Raelene kept the plastic snow globe next to her bed. It was a cheap plastic snowdome of Jesus walking on water. He was a bit cheesy with rock star hair and pecs showing through the billowing robe. Even the birds were dinky. But Raelene kept it because it made her think about Jesus, the new man in her life.  

The final paragraphs of Tim Winton’s short story, The Turning, reveal two masculinities. One seen in Raelene’s bitter, violent, abusive alcoholic partner Max. The other shown in Jesus.

“In the spill of light at the bedside she saw the little dome and her man upon the waves. She said his name, too, said it aloud with love enough to send a shudder through Max as he pushed her down. She knew she was safe from him now, not safe from tonight but done from him altogether. He smelt of death already, of burning, of bile and acid. He was crying and she did not pity him. He was gone and it didn’t matter when. Everything was new.”  

Max is a picture of toxic masculinity. Violent, drunken, full of rage and dangerous. But Raelene through the friendship of two Christians and by reading the Bible comes to know the love of Jesus. And she turns to him. 

Here, Tim hints at another picture of masculinity – Jesus. Raelene is fixated on him because he is a different kind of man. He is the man she truly longs for and in fact has always longed for. A man who wielded strength, power, justice and mercy for the sake of others and never against them. 

These two types of masculinity – toxic and Jesus – are on display in the Bible. Toxic masculinity is everywhere. Cain smashes the life from his brother Abel with a rock, Lamech celebrates his violence, Abraham risks his wife because of cowardice and so on. The list goes devastingly on and on. Even the great heroes of the faith show soul shuddering weakness.

Toxic masculinity is every where and it is condemned by God. The Bible’s searing assessment of men is that they are weak, violent, inclined to evil, unrestrained, mysognistic, wicked and abusive. This is the Bible’s view of masculinity and humanity. 

However, this is not the complete story of masculinity in the Bible. Jesus Christ, God the Son was born a man. And that should stop us short. How could the Holy God come in the flesh, the flesh of toxic humanity? And the answer is found at the start. As Genesis reveals – masculinity was not originally toxic. It was good: very good. Adam was awesome in every way. Masculinity was part of God’s very good plan for the world until things went toxic. 

And so, Jesus came. And this man was filled with compassion for the weak, the fragile, the Raelenes. This man stood up to the powerful and dangerous. This man led, and taught, and challenged and loved others. And this man, in all his glorious humanity, went to the cross and was crucified. He gave his life, willingly, to face God’s just anger directed at all men and women for all are toxic. 

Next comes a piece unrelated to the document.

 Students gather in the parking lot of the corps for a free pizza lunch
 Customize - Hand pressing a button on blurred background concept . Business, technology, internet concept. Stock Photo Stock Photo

Yes, Jesus’ death proves the reality of toxic masculinity. We were so toxic that God came in the flesh to pay the penalty. But it also shows that men were made for something else, something greater. We, men, were made for Jesus’ masculinity. Jesus came to redeem men and masculinity. There is no greater endorsement of masculinity than what we are given in Jesus. He was the true man who shows each man what we can be by his power, if we come to him.  

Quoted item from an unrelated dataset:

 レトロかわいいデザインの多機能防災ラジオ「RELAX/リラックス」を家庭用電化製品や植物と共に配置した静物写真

A preacher I heard recently put it very simply. He said, ‘Men are far worse than you think. And women are far worse than you think. Jesus is better than you think.’ We, humanity, are not good. We are corrupt and weak and broken. We are worse than we think. But God is patiently waiting for us, men and women, to turn to Jesus and be changed to be like him – the true man and the true human. 

All of us need to to look on the real Jesus with love for we need his love and protection. This is the turning all of us need.